◆ EXERCISE OBJECTIVE: Within the entries below, every line containing "Pink" is to be copied.
INPUT DATA START
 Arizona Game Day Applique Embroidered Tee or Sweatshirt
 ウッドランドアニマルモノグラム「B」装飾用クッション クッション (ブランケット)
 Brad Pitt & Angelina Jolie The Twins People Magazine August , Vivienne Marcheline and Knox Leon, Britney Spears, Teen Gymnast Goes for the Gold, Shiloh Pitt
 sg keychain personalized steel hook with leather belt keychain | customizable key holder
INPUT DATA END
INPUT DATA START
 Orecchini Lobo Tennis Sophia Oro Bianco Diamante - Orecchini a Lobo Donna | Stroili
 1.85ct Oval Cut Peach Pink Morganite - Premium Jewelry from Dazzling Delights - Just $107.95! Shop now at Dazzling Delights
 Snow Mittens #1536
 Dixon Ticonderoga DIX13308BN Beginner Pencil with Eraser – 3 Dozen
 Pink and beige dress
INPUT DATA END
◆ FINISHED TASK:
 1.85ct Oval Cut Peach Pink Morganite - Premium Jewelry from Dazzling Delights - Just $107.95! Shop now at Dazzling Delights
 Pink and beige dress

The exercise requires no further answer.